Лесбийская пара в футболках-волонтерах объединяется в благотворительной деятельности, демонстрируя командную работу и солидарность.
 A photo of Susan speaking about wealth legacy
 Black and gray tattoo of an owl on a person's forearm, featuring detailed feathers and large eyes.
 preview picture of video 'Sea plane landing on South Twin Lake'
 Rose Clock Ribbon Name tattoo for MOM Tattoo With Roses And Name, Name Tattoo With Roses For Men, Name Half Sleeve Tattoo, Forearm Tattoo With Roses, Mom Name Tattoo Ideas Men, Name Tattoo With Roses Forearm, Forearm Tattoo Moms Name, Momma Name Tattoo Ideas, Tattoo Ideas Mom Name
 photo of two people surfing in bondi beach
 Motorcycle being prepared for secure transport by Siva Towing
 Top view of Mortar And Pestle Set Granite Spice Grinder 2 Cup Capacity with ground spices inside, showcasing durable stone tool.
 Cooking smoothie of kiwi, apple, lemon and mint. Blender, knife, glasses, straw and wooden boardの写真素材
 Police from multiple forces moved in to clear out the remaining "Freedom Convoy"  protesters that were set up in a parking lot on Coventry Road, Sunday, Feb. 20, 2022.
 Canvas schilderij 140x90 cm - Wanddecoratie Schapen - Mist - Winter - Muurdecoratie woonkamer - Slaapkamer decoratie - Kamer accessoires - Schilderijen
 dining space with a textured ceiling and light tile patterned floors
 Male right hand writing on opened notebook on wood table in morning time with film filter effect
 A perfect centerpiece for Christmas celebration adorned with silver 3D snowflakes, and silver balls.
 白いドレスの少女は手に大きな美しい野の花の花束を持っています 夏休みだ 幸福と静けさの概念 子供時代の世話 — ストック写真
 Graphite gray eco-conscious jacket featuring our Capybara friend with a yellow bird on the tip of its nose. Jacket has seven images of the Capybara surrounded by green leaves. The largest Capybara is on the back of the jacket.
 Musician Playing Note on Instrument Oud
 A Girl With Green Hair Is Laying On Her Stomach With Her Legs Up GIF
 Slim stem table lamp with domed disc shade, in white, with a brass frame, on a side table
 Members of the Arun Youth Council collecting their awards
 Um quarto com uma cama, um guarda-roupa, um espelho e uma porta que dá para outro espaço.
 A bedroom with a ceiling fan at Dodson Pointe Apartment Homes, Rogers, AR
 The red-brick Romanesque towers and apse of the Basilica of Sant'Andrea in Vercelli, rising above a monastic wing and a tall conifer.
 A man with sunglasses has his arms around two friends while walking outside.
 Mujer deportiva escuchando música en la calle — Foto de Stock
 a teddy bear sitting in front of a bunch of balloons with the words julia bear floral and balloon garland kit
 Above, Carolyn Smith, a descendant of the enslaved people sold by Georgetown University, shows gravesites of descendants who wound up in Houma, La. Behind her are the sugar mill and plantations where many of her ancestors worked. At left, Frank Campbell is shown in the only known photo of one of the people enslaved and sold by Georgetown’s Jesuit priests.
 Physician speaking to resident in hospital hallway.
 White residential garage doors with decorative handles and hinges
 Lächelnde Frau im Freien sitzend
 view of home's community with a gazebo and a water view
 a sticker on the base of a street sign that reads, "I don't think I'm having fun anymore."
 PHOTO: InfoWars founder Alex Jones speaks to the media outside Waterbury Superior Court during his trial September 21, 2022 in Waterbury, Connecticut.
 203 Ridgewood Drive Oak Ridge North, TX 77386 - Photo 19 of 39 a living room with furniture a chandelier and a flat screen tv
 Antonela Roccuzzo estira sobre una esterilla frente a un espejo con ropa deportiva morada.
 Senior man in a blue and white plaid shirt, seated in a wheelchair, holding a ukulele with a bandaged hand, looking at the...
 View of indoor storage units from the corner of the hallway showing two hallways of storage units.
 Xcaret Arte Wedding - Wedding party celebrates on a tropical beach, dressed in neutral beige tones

Task to complete -> In the entries above, find each line with the string "speaking" and copy it.

Output of the task ->
 A photo of Susan speaking about wealth legacy
 Physician speaking to resident in hospital hallway.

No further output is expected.